At an approaching vehicle slowing to assess the fire in the middle of the highway, she had cut away from the headlights to hide in the shadows off to the shoulder. She had not noticed that the ground fell away into a dry arroyo. And that was where she had been found by Luke. She couldn’t recall how long she had lain there, leg broken, in pain, going in and out of consciousness, but she did remember the sense of relief at being found.
She fell asleep savoring and replaying those recovered memories and at each instance feeling more complete, more complete than she had ever felt in her life.
When she awoke the power was back on and the aides were distributing breakfasts and checking on the residents. Karen had already turned the TV news on to reports of the snow storm that was paralyzing roads and causing accidents, some fatal, among them a prominent researcher from the college upstate and her companion, a transitioning male by the name of Jean DuBois, who were killed when their car slide off an icy rural road into a ditch and caught fire.

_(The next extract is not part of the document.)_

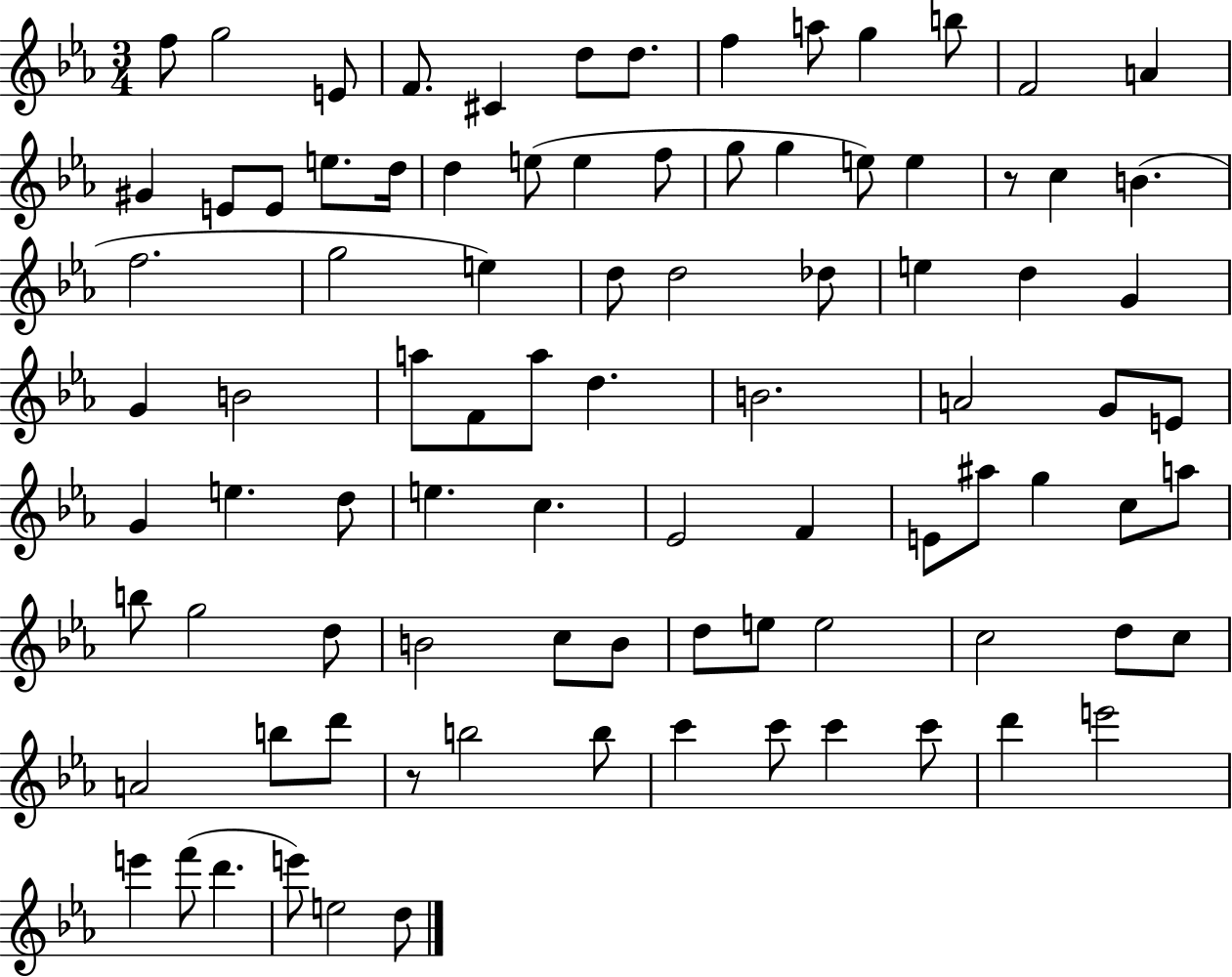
F5/e G5/h E4/e F4/e. C#4/q D5/e D5/e. F5/q A5/e G5/q B5/e F4/h A4/q G#4/q E4/e E4/e E5/e. D5/s D5/q E5/e E5/q F5/e G5/e G5/q E5/e E5/q R/e C5/q B4/q. F5/h. G5/h E5/q D5/e D5/h Db5/e E5/q D5/q G4/q G4/q B4/h A5/e F4/e A5/e D5/q. B4/h. A4/h G4/e E4/e G4/q E5/q. D5/e E5/q. C5/q. Eb4/h F4/q E4/e A#5/e G5/q C5/e A5/e B5/e G5/h D5/e B4/h C5/e B4/e D5/e E5/e E5/h C5/h D5/e C5/e A4/h B5/e D6/e R/e B5/h B5/e C6/q C6/e C6/q C6/e D6/q E6/h E6/q F6/e D6/q. E6/e E5/h D5/e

Well, that will save some explaining, she thought. A wave of relief engulphed her, one that she could compare to having been found and regaining her life, no matter its fraught tragedy.
The attendant had been handing her a tray. “Aren’t those the people who’ve been interviewing you?”
When she didn’t answer, Karen chimed in. “Is that true, Sharon, you knew those people?”
“My name is Mary,” she said, and at Karen’s surprised expression, she laughed and laughed and laughed.